By ALM Staff | Law Journal Newsletters |
May 01, 2003

Tenant Attacked; Building Owner Held Not Responsible

James v. Jamie Towers Housing Co., Inc.

NYLJ 4/4/03, p. 19, col. 1

Court of Appeals

(memorandum opinion)

In tenant's action against building owner for injuries suffered in an attack by an intruder, tenant appealed from the Appellate Division's reversal of Supreme Court's denial of owner's motion to dismiss. The Court of Appeals affirmed, holding that the owner had discharged its duty to take minimal security precautions.

James was accosted in the vestibule of a housing complex building, but could not get inside locked glass doors, for which he did not have a key. James' father brought this action on his behalf, alleging that the building owner had negligently failed to provide adequate security. Supreme Court denied owner's motion to dismiss, but a divided Appellate Division reversed, and tenant appealed.

In affirming, the Court of Appeals emphasized that the owner provided locking doors, an intercom service, and 24-hour security.

Building-wide Rehab Does Not Affect Rent Status

In re 12th Co LLC v. New York State Division of Housing and Community Renewal

NYLJ 3/31/04, p. 20, col. 2

AppDiv, First Dept

(memorandum opinion)

In landlord's article-78 proceeding to annul DHCR's determination that tenant was entitled to a rent-stabilized lease, landlord appealed from Supreme Court's dismissal of the proceeding. The Appellate Division affirmed, holding that building-wide rehabilitation did not affect tenant's right to a rent-stabilized lease if no improvements had been made to his apartment.

Section 5(a)(5) of the Emergency Tenant Protection Act (ETPA) exempts from rent stabilization “housing accommodations in buildings completed or buildings substantially rehabilitated as family units” after 1974. Landlord contends that it has substantially rehabilitated the building, although tenant was in full occupancy of his apartment during the rehabilitation, and his apartment was not substantially affected by the rehabilitation. DHCR interpreted the ETPA exemption to exclude occupied rent regulated units that have not been rehabilitated, even if the building has been substantially rehabilitated. Landlord challenged DHCR's determination, contending that the statute does not contain exceptions from the exemption. Supreme Court dismissed landlord's petition.

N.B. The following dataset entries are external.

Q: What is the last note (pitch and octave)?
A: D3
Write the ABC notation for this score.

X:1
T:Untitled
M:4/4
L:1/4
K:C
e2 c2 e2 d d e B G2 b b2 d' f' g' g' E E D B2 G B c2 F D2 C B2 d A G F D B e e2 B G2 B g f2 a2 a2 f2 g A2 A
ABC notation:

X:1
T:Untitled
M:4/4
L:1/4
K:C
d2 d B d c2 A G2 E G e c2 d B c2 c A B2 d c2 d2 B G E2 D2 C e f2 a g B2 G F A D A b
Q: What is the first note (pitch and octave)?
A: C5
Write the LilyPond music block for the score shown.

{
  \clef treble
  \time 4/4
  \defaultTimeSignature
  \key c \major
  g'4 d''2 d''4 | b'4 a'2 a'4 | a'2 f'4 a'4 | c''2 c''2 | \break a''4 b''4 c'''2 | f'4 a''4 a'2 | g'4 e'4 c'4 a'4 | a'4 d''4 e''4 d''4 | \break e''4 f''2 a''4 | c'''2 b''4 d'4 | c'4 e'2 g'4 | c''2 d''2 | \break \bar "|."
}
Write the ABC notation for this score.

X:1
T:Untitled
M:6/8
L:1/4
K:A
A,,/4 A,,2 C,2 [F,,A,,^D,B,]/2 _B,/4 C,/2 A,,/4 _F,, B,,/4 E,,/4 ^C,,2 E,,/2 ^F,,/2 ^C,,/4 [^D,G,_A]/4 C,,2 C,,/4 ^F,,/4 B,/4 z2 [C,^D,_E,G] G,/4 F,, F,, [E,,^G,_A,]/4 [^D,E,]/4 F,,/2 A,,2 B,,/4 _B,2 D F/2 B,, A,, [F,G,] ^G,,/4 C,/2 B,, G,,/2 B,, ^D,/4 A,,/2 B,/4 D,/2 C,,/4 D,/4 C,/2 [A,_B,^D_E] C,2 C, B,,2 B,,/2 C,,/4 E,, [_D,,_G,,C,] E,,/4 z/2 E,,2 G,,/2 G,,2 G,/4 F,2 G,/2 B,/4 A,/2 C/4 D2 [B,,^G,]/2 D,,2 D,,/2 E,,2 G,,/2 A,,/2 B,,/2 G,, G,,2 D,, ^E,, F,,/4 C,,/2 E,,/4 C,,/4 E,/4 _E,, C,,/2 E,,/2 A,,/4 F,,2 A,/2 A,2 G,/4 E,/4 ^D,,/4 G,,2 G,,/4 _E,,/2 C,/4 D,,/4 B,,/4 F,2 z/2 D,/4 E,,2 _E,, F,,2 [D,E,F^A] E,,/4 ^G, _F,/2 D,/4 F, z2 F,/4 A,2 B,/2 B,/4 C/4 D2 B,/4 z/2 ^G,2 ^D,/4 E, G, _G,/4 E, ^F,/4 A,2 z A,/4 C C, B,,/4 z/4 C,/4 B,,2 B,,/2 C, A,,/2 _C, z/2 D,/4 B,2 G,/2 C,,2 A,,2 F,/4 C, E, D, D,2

In affirming, the Appellate Division concluded that ETPA 5(a)(5) provides for the existence of an exemption, but does not define the exemption's scope. The court concluded that DHCR's determination was consistent with the legislature's objective, which was to encourage creation and rehabilitation of housing. Because the tenant has not benefited from any improvement to his apartment, because landlord may have other means to recover expenses from the tenant, and because no costs were attributable to tenant's apartment, the court concluded that landlord should not be entitled to exempt tenant's apartment from rent stabilization.

Roommate Law Does Not Affect Rent-Controlled Tenants

41 West 72 LLC v. Bondy

NYLJ 3/12/03, p. 20, col. 1

Civ Ct., N.Y. Cty

(McClanahan, J.)

In landlord's proceeding to recover possession of a rent-controlled apartment, tenant moved for summary judgment dismissing the proceeding. The court denied tenant's motion, holding that although a rent-controlled tenant may not be evicted for charging a roommate more than a proportional share of rent, a rent-controlled tenant may be evicted for charging rent in excess of the maximum rent permitted for the apartment.

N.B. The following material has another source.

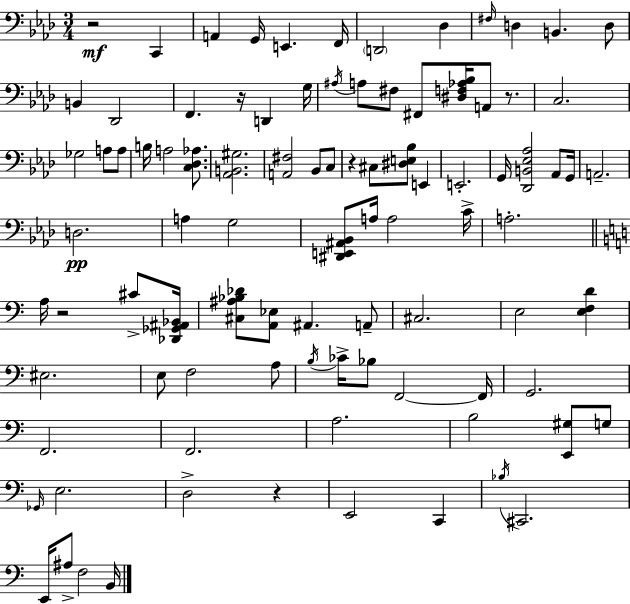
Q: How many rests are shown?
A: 6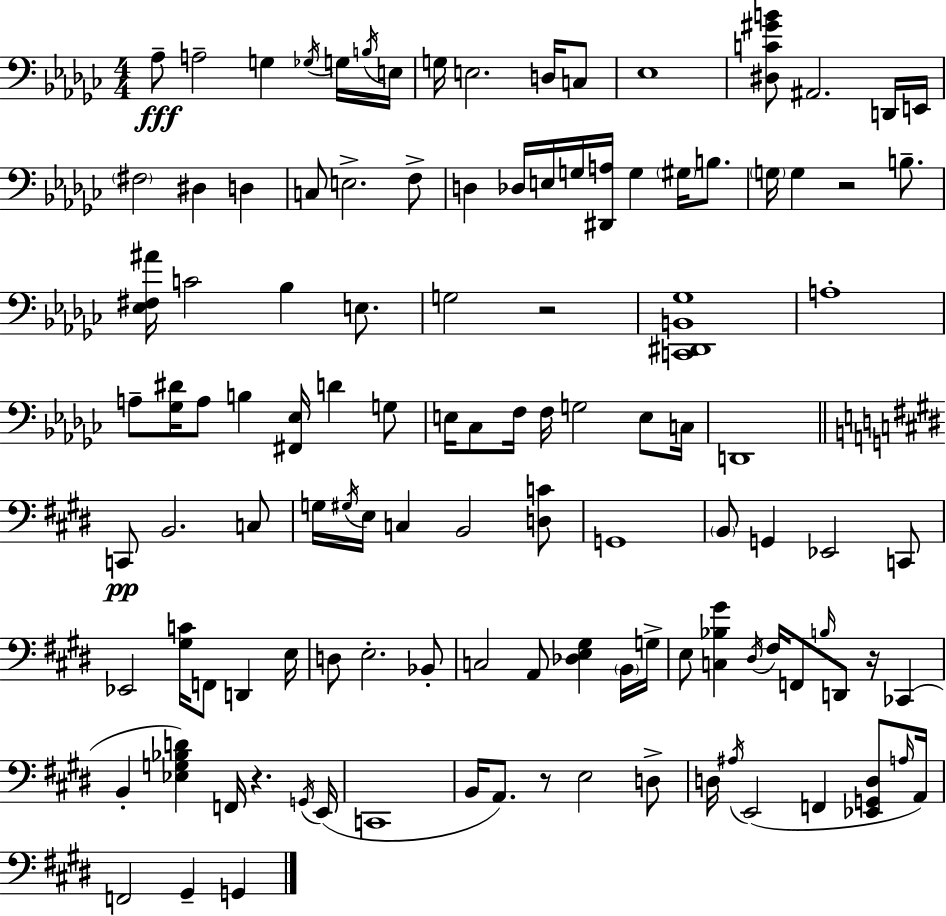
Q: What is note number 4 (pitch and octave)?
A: Gb3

Tenant, who lived in the rent-controlled apartment for 40 years, had charged various roommates $1000 per month since 1998. During that period, the maximum legal rent for the apartment has increased from $793.05 to $857.37. Landlord brought this proceeding to recover possession because tenant had charged the roommates more than their proportionate share of the rent. Section 2525.7(b) of the Rent Stabilization Code prohibits tenants from charging more than a proportionate share of the legal rent, but the Rent Control Law does not include a similar prohibition. The Rent Control Law does make it unlawful for a tenant to “demand or receive any rent … in excess of the maximum rent” (Rent and Eviction Regulations sec. 2205.1).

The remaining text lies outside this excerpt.